With gold prices recovering on Monday after dropping more than 2% last week, we turned to esteemed commodities investor Dennis Gartman for insights.
And he tells us, reduce positions - keep some power dry. Sell gold into any rally.
“I had been long of gold (in yen terms),” he tells us, but now, long is wrong.
“In the stock market a 1% move is random noise, but when something moves against you 1% in the foreign exchange market, it's material. Pay attention. When something moves against you 1%, as gold has moved against me, I go to the sidelines.”
At the time of writing Gartman was looking to cut his gold position in half.
Meanwhile, in the oil market, Gartman reiterated what he first told Fast Money last week.
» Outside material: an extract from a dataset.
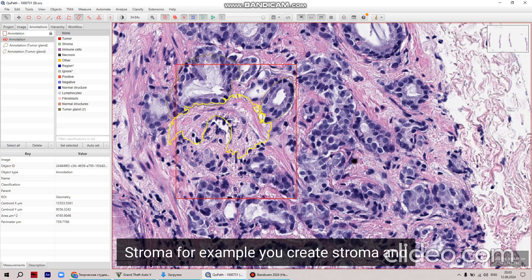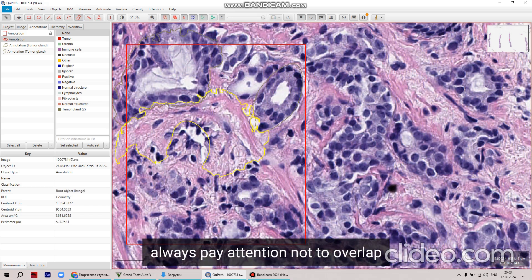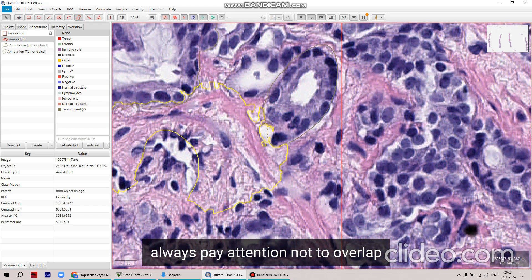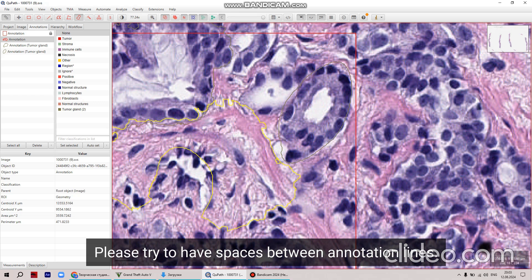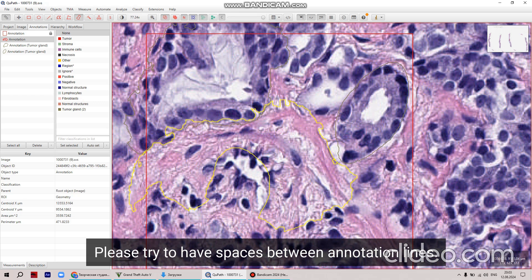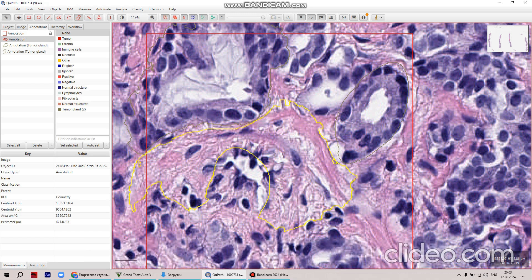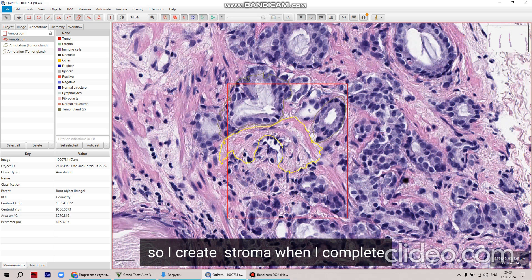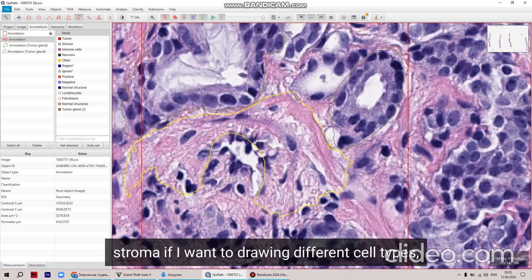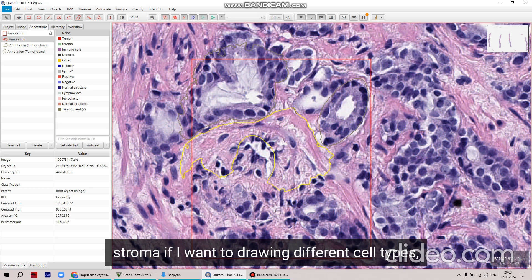You simply drag and drop the SVS image to the main window of Kupath. After that you see the question 'What type of image is this?' and you select 'Brightfield H&E' and click. Then you apply and you see the prostate cancer core biopsy.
That is, he thinks the path of least resistance is lower for crude oil.
“There’s a lot of crude around – the term structure of futures market tells you that – WTI is in contango .”
“When deferred futures are higher than the nearby, when the nearby are above spot – it’s telling you crude is ample in supply.”
Last week, while we were talking to Dennis Gartmanabout oil he told us, ““I think you have to be very careful trading crude. If it wasn’t for the philosophical problems of the Middle East – crude would be trading $80.”
And, while we had Gartman's attention, we also asked Gartman about nat gas.
“I have a theory that the commodities markets often try to get to the obscene number – the number no one thought possible. In nat gas, I think we get to a 1-handle."